Goal-Focused Counseling: The closest siblings to this approach are the Single Session / One-at-a-Time Therapies, and the campus program Let’s Talk. The single session stance assumes this may be the only/last time the therapist may ever work with the client, so all energy should be given to helping them with their stated goals and concerns here-and-now. A key difference is that goal-focused counseling isn’t a theoretical orientation, and doesn’t ask providers to change the content of their practice. Instead, it’s just changing the mindset for providing the same psychotherapy each clinician uses. Additionally, Let’s Talk is a culturally-informed consultation with a clinician designed for students who do not resonate with psychotherapy or the counseling center as a setting. It focuses on brief but meaningful contact where immediate help is provided.
- The Important Stuff: Part of what we think makes these work is that providing immediate treatment makes both the therapist and client focused on the here-and-now and working on the important stuff to the client. Yulish et al (2017) did a meta-analysis on treatment outcomes related to anxiety, and found that time spent on the client’s stated problems was the most beneficial aspect across a range of approaches. This informs our decisions to spend nearly the entire time the client is ever in the room on their stated problems and goals.
- Parallel Assessment: Instead of doing an intake / large history gathering first, clinicians do what I call ‘parallel assessment’, which is where they gather the information they need as they go; in parallel with providing treatment. There is a skill that clinicians develop when practicing like this, and the key is to stay focused on what the client’s goals are for the session, and asking questions that inform that specific purpose. Most therapists that struggle with this ask things that they may be curious about personally, but likely don’t matter that much for the session or to the client. The exception to all of this is for doing assessments for safety, which should be done at the same level as always.
All Orientations: All of this is not a theoretical orientation of psychotherapy. It’s just a framework for doing each clinician’s style of therapy. I also think that all providers from all theoretical orientations can use this goal-focused approach and concise sessions effectively. In our center, people do this that practice from Psychodynamic, feminist/multicultural, interpersonal/humanistic, and ACT/CBT/DBT orientations among others.

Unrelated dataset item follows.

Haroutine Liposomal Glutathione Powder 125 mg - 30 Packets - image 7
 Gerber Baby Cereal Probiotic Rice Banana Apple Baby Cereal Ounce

Forms: One way to gathering more without taking session time is to get crucial information on forms and instruments before the session. One suggestion is to have clients answer a question like “what do you hope to accomplish in your session today?” every session. That also allows the clinician to begin the session with that goal to immediately get things on track. “Great to see you again, looks like from your check-in form that we are talking about anxiety today, how can I help?”
Customizable Follow-Up Plans
The Flexible Care Model looks to create as many unique pathways through the counseling center as possible. Some centers may only be able to offer a smaller range (concise or traditional follow ups, urgent sessions, same day, or group), whereas others may have a large menu of options. The main philosophy is to allow students to create a unique path (choose your own adventure) through the clinic in a way that meets their individual needs for care, and utilizing broader wellness resources on campus into treatment plans.
Individual Options: Our experience has been that although some students will be open to shifting to another modality for care, most of them ask for individual treatment and epect that it is available. This model creates a few additional options for follow-up planning than other models as a way to honor that preference, namely the ability to have a concise session booked ahead, or a same day session.
- Session Frequency: Research supports session frequency being related to outcomes, and this is often overlooked in counseling centers as an important factor. Erekson et al (2015) found that clients who were able to attend weekly sessions improved at a faster rate than clients with less frequent sessions, and ultimately needed fewer sessions to reach their clinical goals. This model allows for a range of session frequencies, with most students having weekly sessions, but it also would allow for multiple sessions per week for clients that need it.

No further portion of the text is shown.